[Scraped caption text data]
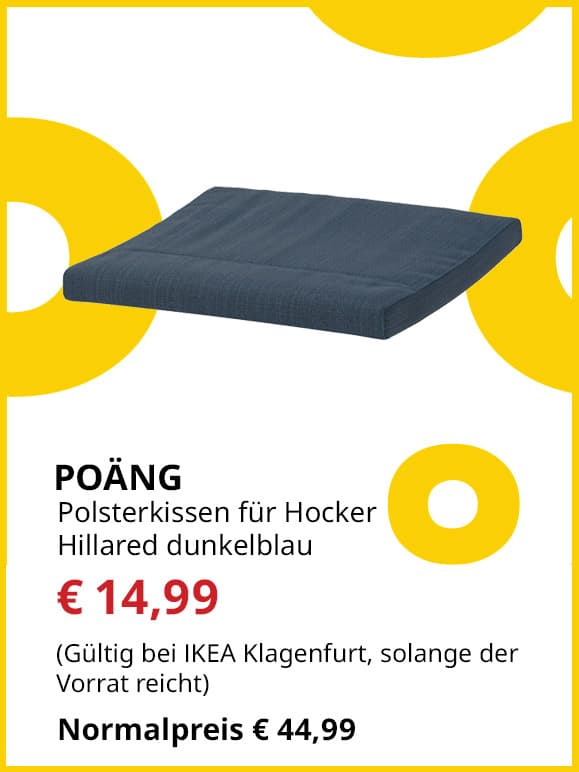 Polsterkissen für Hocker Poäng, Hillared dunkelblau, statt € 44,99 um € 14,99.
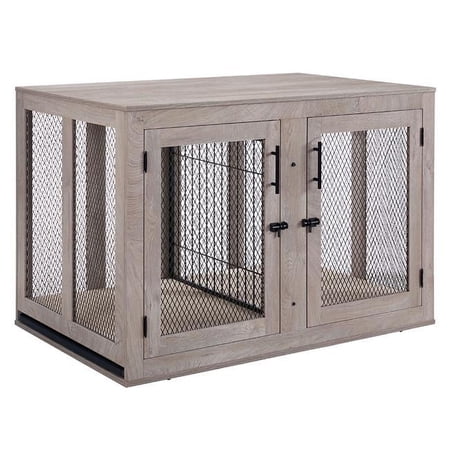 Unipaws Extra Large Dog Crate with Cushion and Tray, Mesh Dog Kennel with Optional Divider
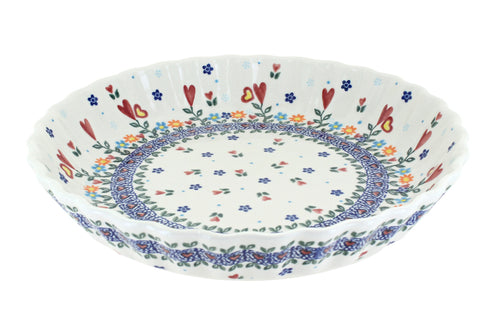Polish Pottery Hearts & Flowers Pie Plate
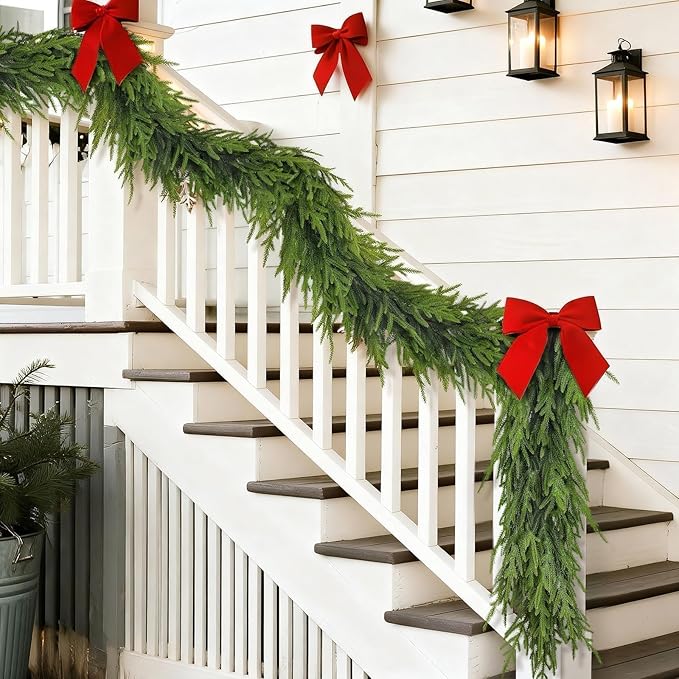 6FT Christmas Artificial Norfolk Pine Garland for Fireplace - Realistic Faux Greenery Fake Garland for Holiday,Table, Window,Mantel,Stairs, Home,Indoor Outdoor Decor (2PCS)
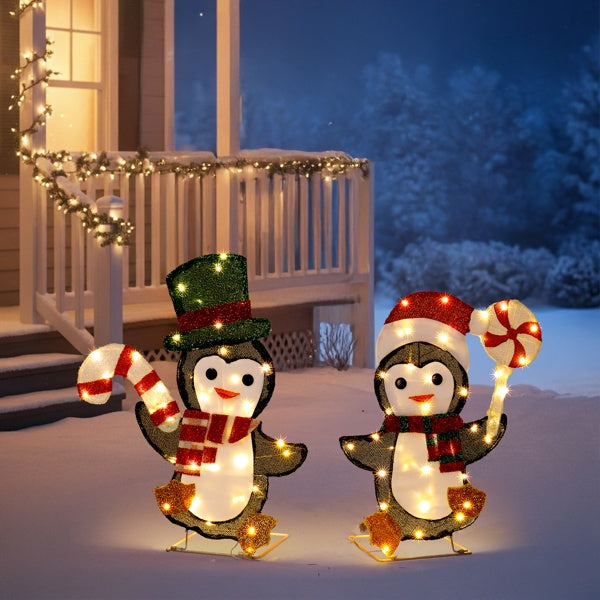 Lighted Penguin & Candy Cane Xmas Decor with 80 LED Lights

§ **What to produce**: Give the data above again exactly. Leave the pictures out.

§ **Written solution**:
 Polsterkissen für Hocker Poäng, Hillared dunkelblau, statt € 44,99 um € 14,99.
 Unipaws Extra Large Dog Crate with Cushion and Tray, Mesh Dog Kennel with Optional Divider
Polish Pottery Hearts & Flowers Pie Plate
 6FT Christmas Artificial Norfolk Pine Garland for Fireplace - Realistic Faux Greenery Fake Garland for Holiday,Table, Window,Mantel,Stairs, Home,Indoor Outdoor Decor (2PCS)
 Lighted Penguin & Candy Cane Xmas Decor with 80 LED Lights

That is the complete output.